▶ [ENTRIES SUPPLIED]
───

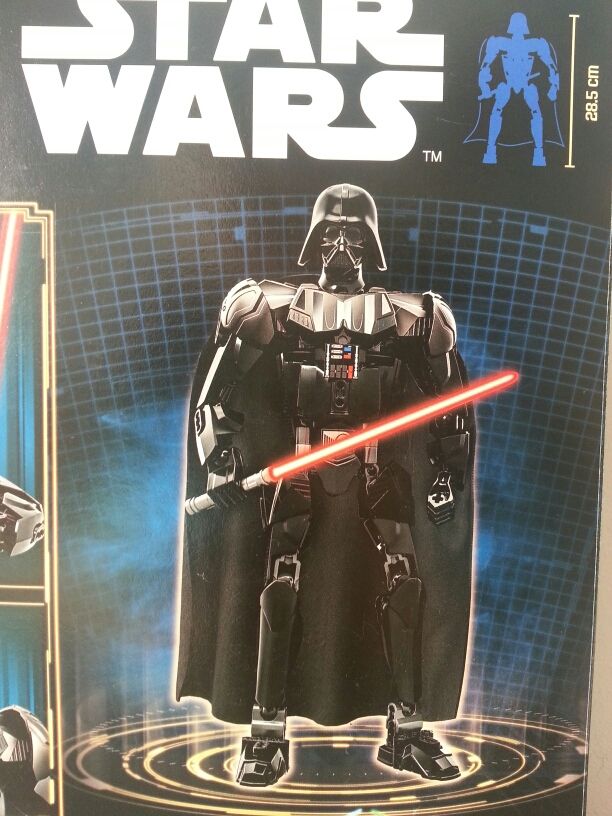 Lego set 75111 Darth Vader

───

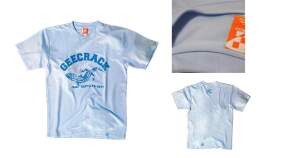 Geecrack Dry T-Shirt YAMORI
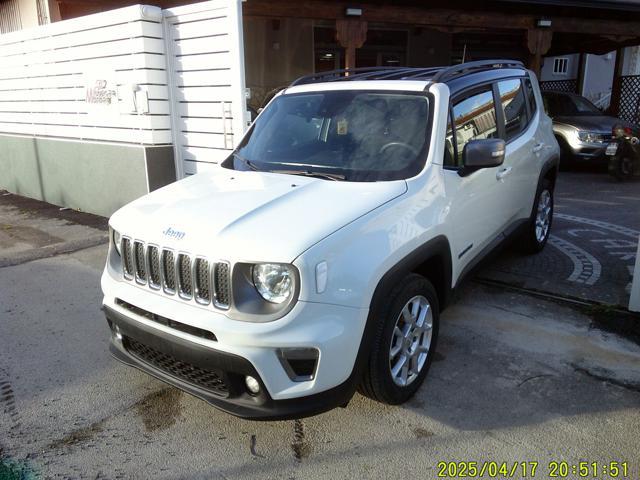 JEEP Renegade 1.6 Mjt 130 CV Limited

───

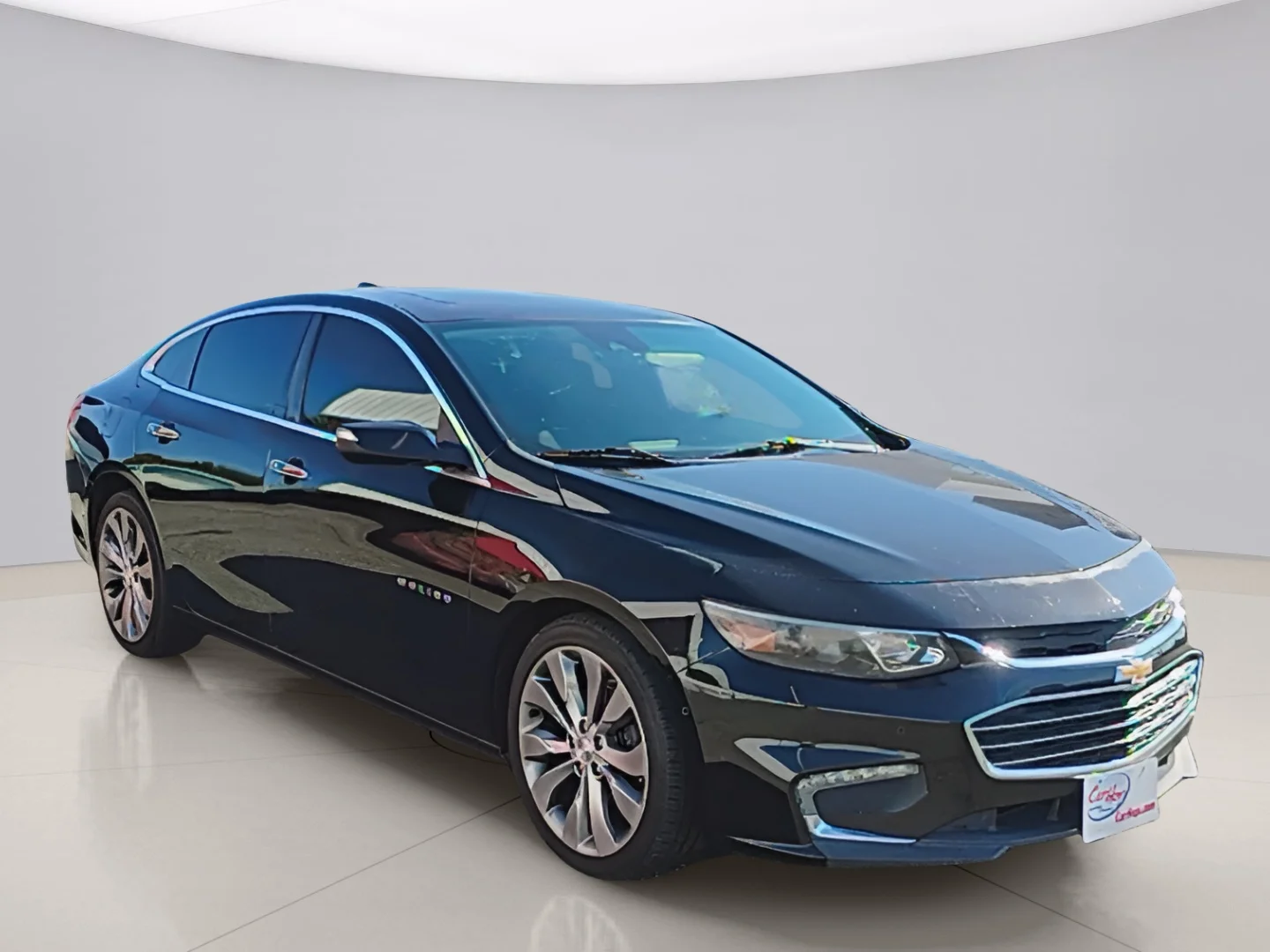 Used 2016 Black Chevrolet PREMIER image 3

───

▶ [TASK DIRECTIONS] Retype, exactly and with no pictures, everything above from the line with "Geecrack Dry T-Shirt YAMORI" down to the line with "JEEP Renegade 1.6 Mjt 130 CV Limited", both included.

▶ [RESULT]
 Geecrack Dry T-Shirt YAMORI
 JEEP Renegade 1.6 Mjt 130 CV Limited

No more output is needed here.